### Assignment
Starting at the line that contains "Logo Design by", transcribe every remaining line of the data below exactly, and omit all pictures.

** Given data follows **

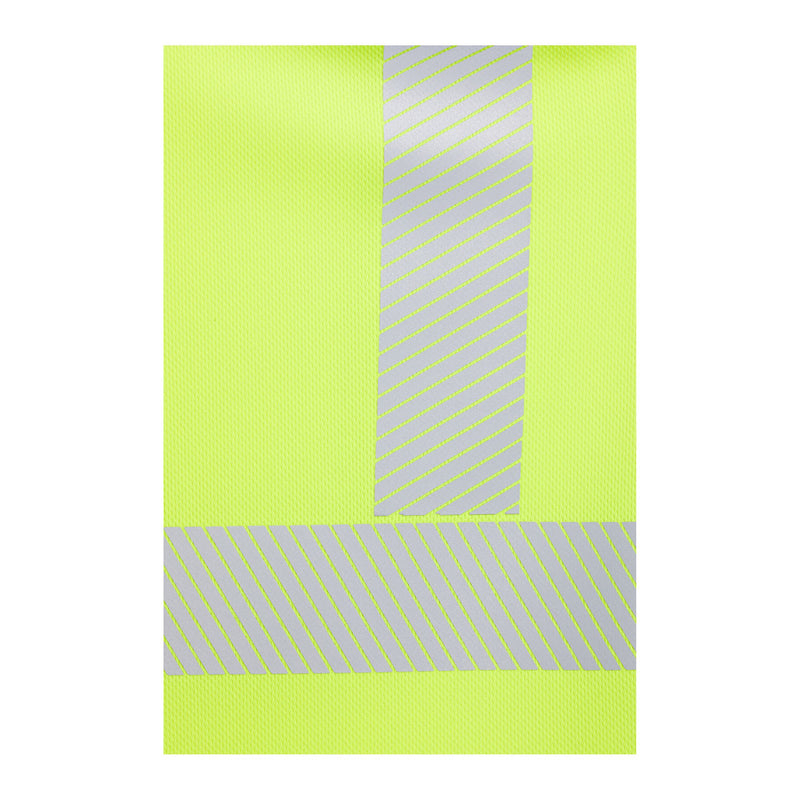 Blackrock Hi-Vis Eco T-Shirt - yellow size 2XL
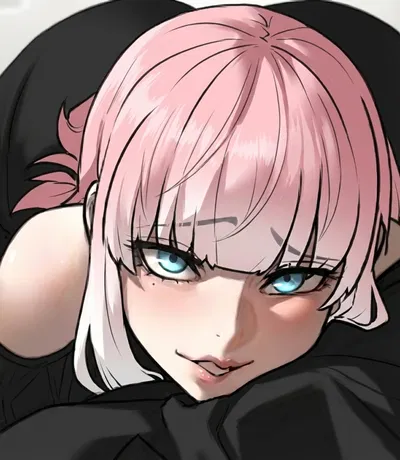 Your "Innocent" little sister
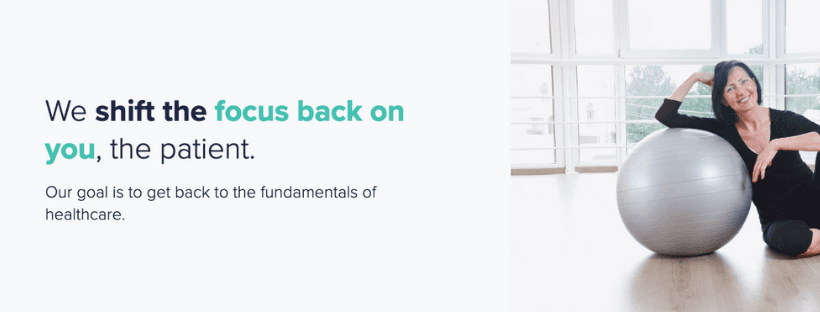 Empowered Health Institute - Doctor in Kennewick, WA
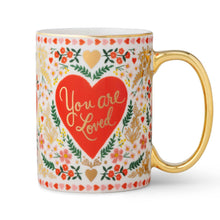  Juliet Porcelain Mug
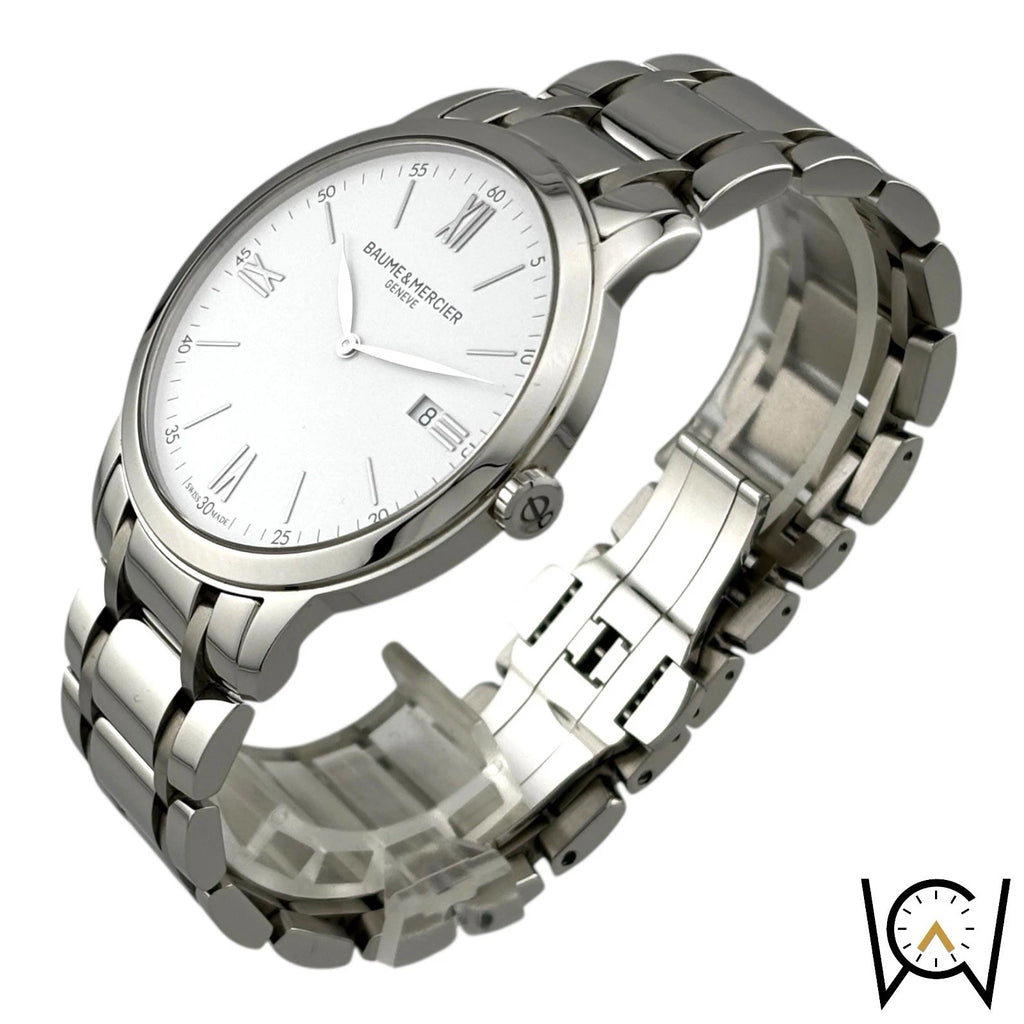 Baume & Mercier Classima M0A10526
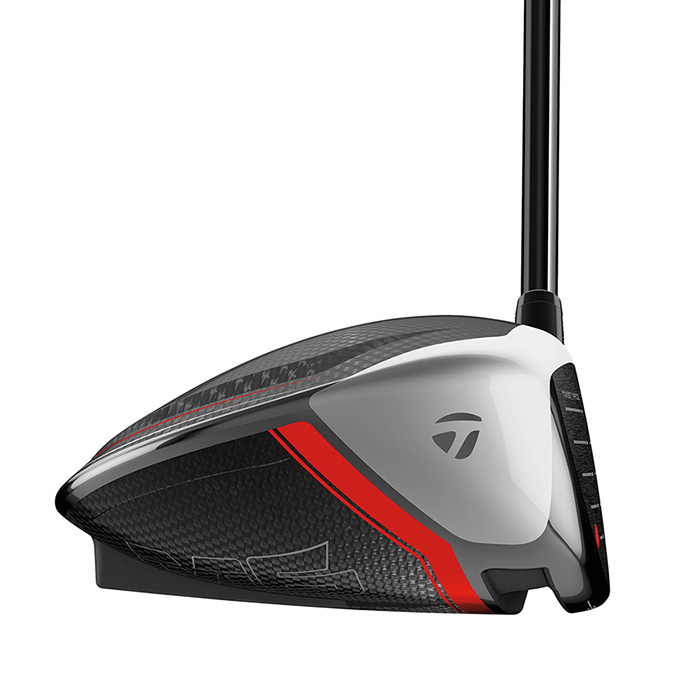 taylormade m6 left handed irons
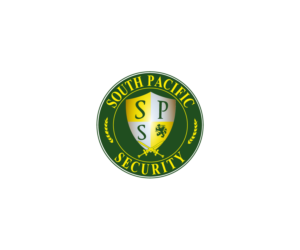 Logo Design by NEX for South Pacific Security Ltd.  | Design: #7685969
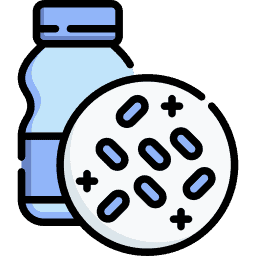 Probiotics Icon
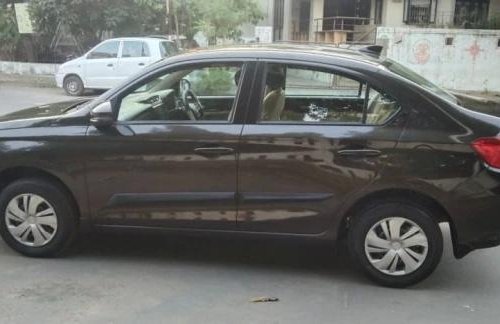 Used 2019 Amaze S i-VTEC  for sale in Ahmedabad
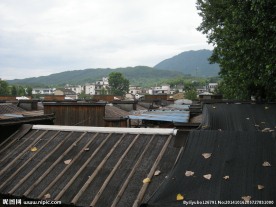 建筑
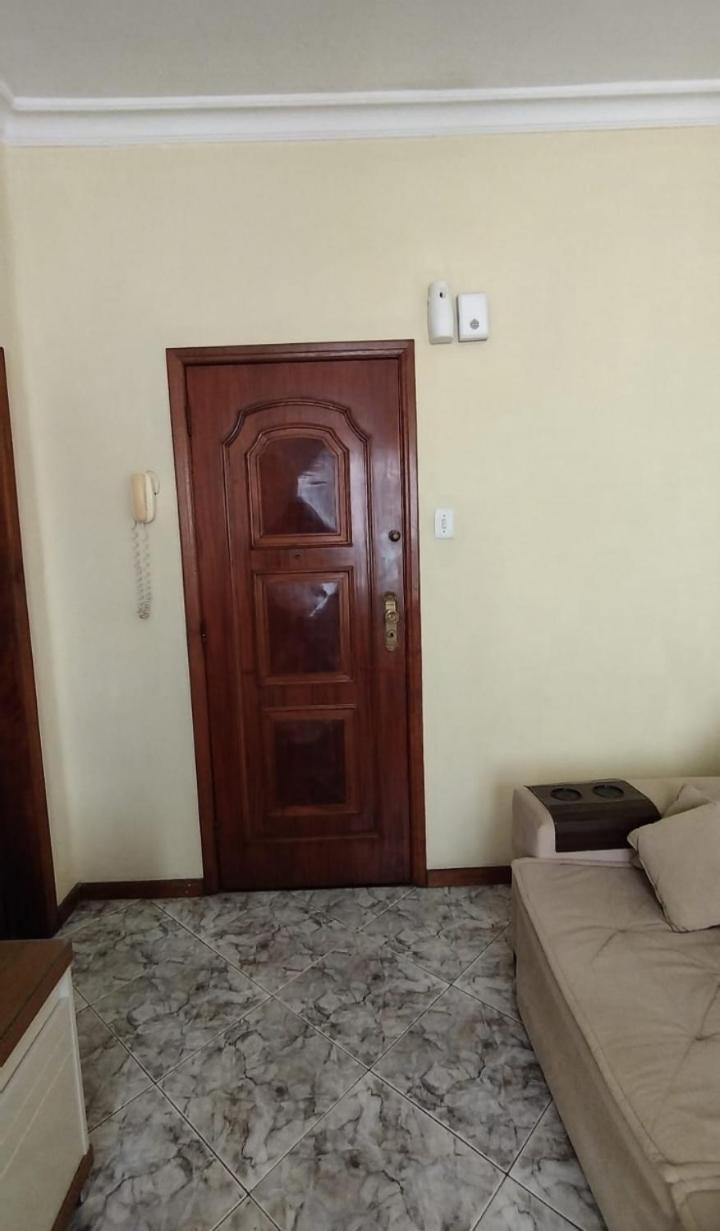 E Sala Copacabana Posto 4 Apartamento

** End of Given data **

### Answer box
 Logo Design by NEX for South Pacific Security Ltd.  | Design: #7685969
 Probiotics Icon
 Used 2019 Amaze S i-VTEC  for sale in Ahmedabad
 建筑
 E Sala Copacabana Posto 4 Apartamento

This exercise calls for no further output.